WHAT NEEDS TO BE DONE:
Please copy the last part of the entries exactly: the line that has "this 640×360 image." and every line up to and including the end, nothing more.

INFORMATION SHOWN:
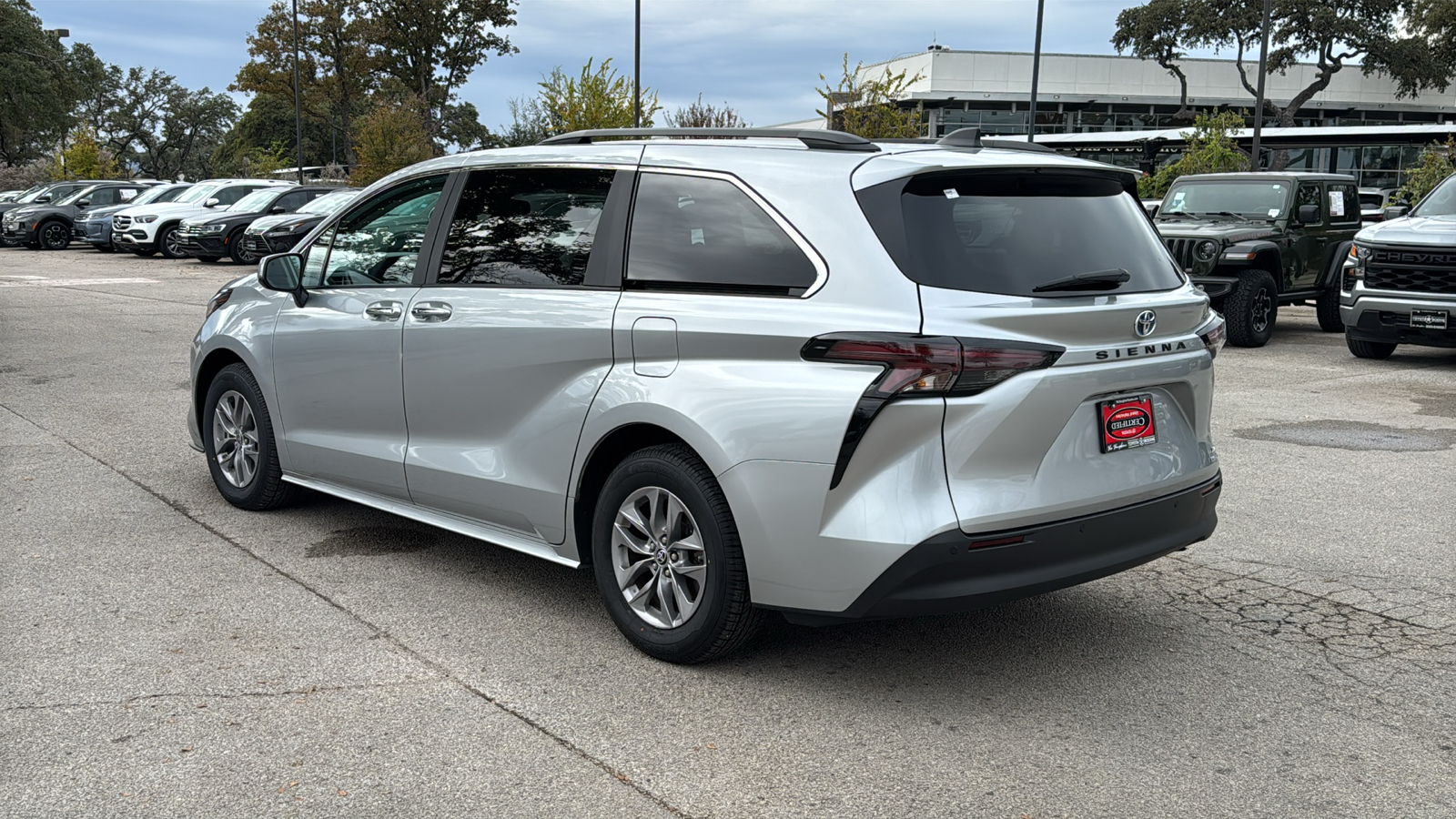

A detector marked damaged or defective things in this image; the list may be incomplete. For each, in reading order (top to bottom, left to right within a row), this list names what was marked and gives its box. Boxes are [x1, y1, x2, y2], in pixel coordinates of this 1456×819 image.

pavement crack [0, 401, 699, 815]
cracked pavement [3, 250, 1456, 815]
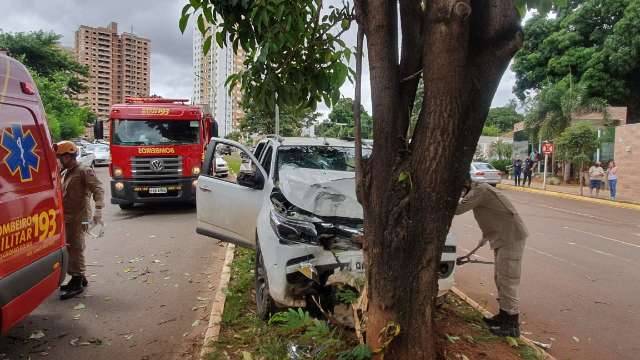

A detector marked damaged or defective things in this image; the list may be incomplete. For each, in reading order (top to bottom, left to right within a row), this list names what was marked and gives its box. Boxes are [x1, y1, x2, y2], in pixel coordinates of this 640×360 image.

shattered windshield [276, 146, 370, 172]
crumpled hood [278, 165, 362, 218]
crashed white pickup truck [195, 136, 456, 320]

FINISHED TASK:
A detector marked damaged or defective things in this image; the list may be incomplete. For each, in reading order (top to bottom, left to right within a row), this list names what was marked and gives its box. Boxes are [x1, y1, x2, y2], in pixel coordinates of this 640×360 image.

shattered windshield [276, 146, 370, 172]
crumpled hood [278, 165, 362, 218]
crashed white pickup truck [195, 136, 456, 320]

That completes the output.